Ao ser fundada, em 1973, uma escola preparatória em Vila Nogueira de Azeitão, foi escolhido para seu patrono este poeta, tendo em conta a sua importância em todo o país, a sua marca inapagável na identidade local e regional e, ainda, a sua ligação indissolúvel ao poeta Sebastião da Gama (1924 – 1952), que o considerava seu “irmão”.
Infelizmente, a dado momento a evocação de Frei Agostinho da Cruz como patrono da Escola Preparatória foi eliminada. Ainda hoje, o Agrupamento de Escolas de Azeitão permanece sem patrono, ao contrário da esmagadora maioria das instituições público de ensino envolventes.

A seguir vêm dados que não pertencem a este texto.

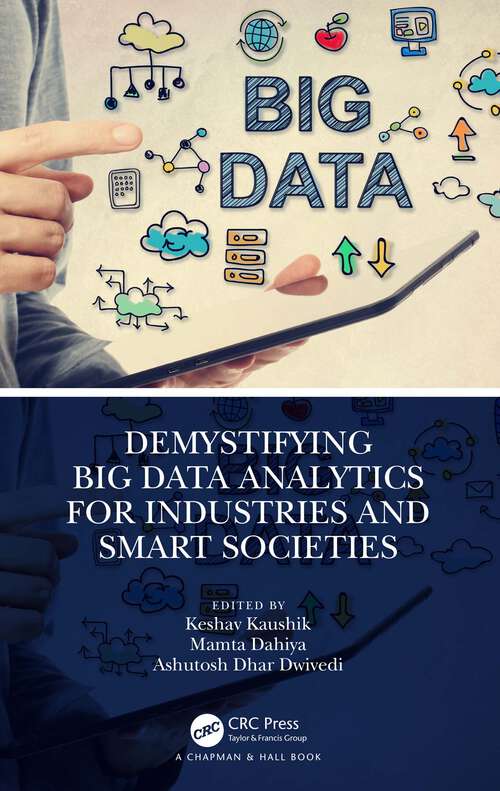 Book cover of Demystifying Big Data Analytics for Industries and Smart Societies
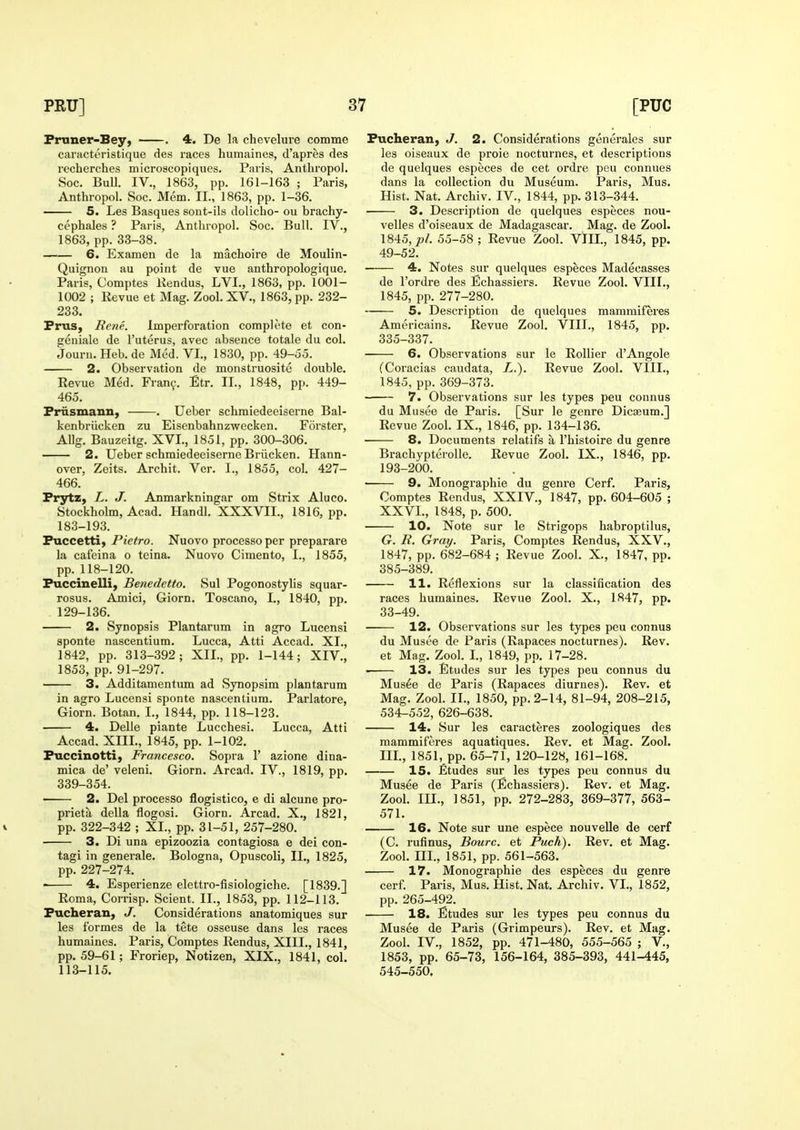Pruner-Bey, . 4. De la chevelure comme caracteristique des races humaines, d'apres des recherches microscopiques. Paris, Antliropol. Soc. Bull. IV., 1863, pp. 161-163 ; Paris, Anthropol. Soc. Mem. II., 1863, pp. 1-36. —— 5. Les Basques sont-ils dolicho- ou brachy- cephales ? Paris, Anthropol. Soc. Bull. IV., 1863, pp. 33-38. —■— 6. Examen de la machoire de Moulin- Quignou au point de vue anthropologique. Paris, Comptes Rendus, LVI., 1863, pp. 1001- 1002 ; Revue et Mag. Zool. XV., 1863, pp. 232- 233. Prus, Rene. Imperforation complete et con- geniale de I'uterus, avec absence totale du col. Jouni. Heb. de Med. VL, 1830, pp. 49-55. 2. Observation de monstruosite double. Revue Med. Fran?. Etr. II., 1848, pp. 449- 465. Priismann, . Ueber schmiedeeiserne Bal- kenbriicken zu Eisenbahnzwecken. Forster, AUg. Bauzeitg. XVI., 1851, pp. 300-306. 2. Ueber schmiedeeiserne Briicken. Hann- over, Zeits. Archit. Vcr. I., 1855, col. 427- 466. Prytz, L. J. Anmarkningar om Strix Aluco. Stockholm, Acad. Handl. XXXVII., 1816, pp. 183-193. Puccetti, Pietro. Nuovo processo per preparare la cafeina o teina. Nuovo Cimento, I., 1855, pp. 118-120. Puccinelli) Benedetto. Sul Pogonostylis squar- rosus. Amici, Giorn. Toscano, I., 1840, pp. 129-136. 2. Synopsis Plantarum in agro Lucensi sponte nascentium. Lucca, Atti Accad. XI., 1842, pp. 313-392; XII., pp. 1-144; XIV., 1853, pp. 91-297. 3. Additamentum ad Synopsim plantarum in agro Lucensi sponte nascentium. Parlatoi'e, Giorn. Botan. I., 1844, pp. 118-123. 4. Delle piante Lucchesi. Lucca, Atti Accad. XIIL, 1845, pp. 1-102. Puccinotti) Francesco. Sopra 1' azione dina- mica de' veleni. Giorn. Arcad. IV., 1819, pp. 339-354. 2. Del processo flogistico, e di alcune pro- prieta della flogosi. Giorn. Arcad. X., 1821, V pp. 322-342 ; XL, pp. 31-51, 257-280. 3. Di una epizoozia contagiosa e dei con- tagi in generale. Bologna, Opuscoli, IL, 1825, pp. 227-274. 4. Esperienze elettro-fisiologiche. [1839.] Roma, Corrisp. Sclent. IL, 1853, pp. 112-113. Pucheran, J. Considerations anatomiques sur les formes de la tete osseuse dans les races humaines. Paris, Comptes Rendus, XIIL, 1841, pp. 59-61; Froriep, Notizen, XIX., 1841, col. 113-115. Pucheran, J. 2. Considerations generales sur les oiseaux de proie nocturnes, et descriptions de quelques especes de cet ordre pcu connues dans la collection du Museum. Paris, Mus. Hist. Nat. Archiv. IV., 1844, pp. 313-344. 3. Desci'iption de quelques especes nou- velles d'oiseaux de Madagascar. Mag. de Zool. 1845,/>/. 55-58; Revue Zool. VIIL, 1845, pp. 49-52. 4. Notes sur quelques especes Madecasses de I'ordre des Echassiers. Revue Zool. VIIL, 1845, pp. 277-280. 5. Description de quelques mammiferes Americains. Revue Zool. VIIL, 1845, pp. 335-337. 6. Observations sur le Rollier d'Angole (Coracias caudata, L.). Revue Zool. VIIL, 1845, pp. 369-373. 7. Observations sur les types peu connus du Musee de Paris. [Sur le genre Dicaeum.] Revue Zool. IX., 1846, pp. 134-136. ■ 8. Documents relatifs a I'histoire du genre Brachypterolle. Revue Zool. IX., 1846, pp. 193-200. ■ 9. Monographic du genre Cerf. Paris, Comptes Rendus, XXIV., 1847, pp. 604-605 ; XXVI., 1848, p. 500. 10. Note sur le Strigops habroptilus, G. R. Gray. Paris, Comptes Rendus, XXV., 1847, pp. 682-684 ; Revue Zool. X., 1847, pp. 385-389. 11. Reflexions sur la classification des races humaines. Revue Zool. X., 1847, pp. 33-49. 12. Observations sur les types peu connus du Musee de Paris (Rapaces nocturnes). Rev. et Mag. Zool. L, 1849, pp. 17-28. 13. Etudes sur les types peu connus du Musee de Paris (Rapaces diurnes). Rev. et Mag. Zool. IL, 1850, pp. 2-14, 81-94, 208-215, 534-552, 626-638. 14. Sur les caracteres zoologiques des mammiferes aquatiques. Rev. et Mag. Zool. IIL, 1851, pp. 65-71, 120-128, 161-168. 15. Etudes sur les types peu connus du Musee de Paris (Echassiers). Rev. et Mag. Zool. m., 1851, pp. 272-283, 369-377, 563- 571. 16. Note sur une espece nouveUe de cerf (C. rufinus, Bourc. et Puch). Rev. et Mag. Zool. HI., 1851, pp. 561-563. 17. Monographic des especes du genre cerf. Paris, Mus. Hist. Nat. Archiv. VL, 1852, pp. 265-492. 18. Etudes sm* les types peu connus du Musee de Paris (Grimpeurs). Rev. et Mag. Zool. IV., 1852, pp. 471-480, 555-565 ; V., 1853, pp. 65-73, 156-164, 385-393, 441-445, 545-550.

Partindo destes pressupostos e considerando
- a importância da poesia de Frei Agostinho da Cruz na literatura portuguesa,
- o facto de ainda manter um amplo leque de leitores, muito diversificado, marcando até aos dias hoje grande influência transversal, junto de crentes e não-crentes,
- a sua ligação importantíssima à Serra da Arrábida, ao seu Convento, a Azeitão e a toda a Península de Setúbal,
- a admiração que gerou num muito numeroso grupo de escritores e poetas, entre os quais se contam alguns dos mais importantes autores do século XX, como Teixeira de Pascoaes, José Régio, Sebastião da Gama e José Afonso (Zeca Afonso),
- o facto de ter sido um resistente contra a Inquisição, defendendo a liberdade como valor inalienável,
- a importância do seu pensamento, nomeadamente no que respeita à ecologia integral,
- e o exemplo da sua vida, capaz de promover, junto das novas gerações, uma aprendizagem ética e sensível à beleza natural e artística,
propõem os signatários que o Agrupamento de Escolas de Azeitão adote como seu patrono o poeta Frei Agostinho da Cruz, recuperando o nome da Escola Preparatória de que é herdeira.”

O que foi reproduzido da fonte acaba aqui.